On 4/4/2014 3:24 AM, bearophile wrote:
You see I care of casts also from the little casts statistic I've done on your
Warp:
http://forum.dlang.org/thread/lhf0u6$2r80$1...@digitalmars.com?page=3#post-wjjivmmeyeismgkntwsj:40forum.dlang.org

Most of the casts in Warp come from the workarounds I had to do to get around the auto-decode of std.array.front(). I have designed byChar, byWchar and byDchar ranges for Phobos to get around this issue, but that is stalled now because of the messed up design of ranges.

None of that has anything to do with enums.

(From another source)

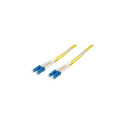 "EFB Duplex Patchkabel LC-LC OS2 G652D 15m LSZH 2mm gelb"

But since I follow D development and I write D code I don't remember any kind of
discussion regarding the specific disadvantages of a stronger typed enum.

Here's one:

  enum Index { A, B, C }
  T[Index.max] array; // Error: Index.max is not an int
  ...
  array[B] = t;   // Error: B is not an int


And another:

  array[A + 1] = t; // Error: incompatible types Index and int

And another:

  enum Mask { A=1,B=4 }

  Mask m = A | B;   // Error: incompatible operator | for enum

and on it goes. These are routine and normal uses of enums.


This means answering questions like: what does it happen if D enums become 
strongly
typed? How many casts is this going to cause in D code? Is it true that such
enum casts are going to be worse than type unsafety of the current design?

Yes, because I have to fill the above code with cast(int), and you are well aware that such blunt casting destroys all type safety.

And besides, even if such strongly typed enums were a good idea, making such a change would be an utter disaster for existing code. It is out of the question.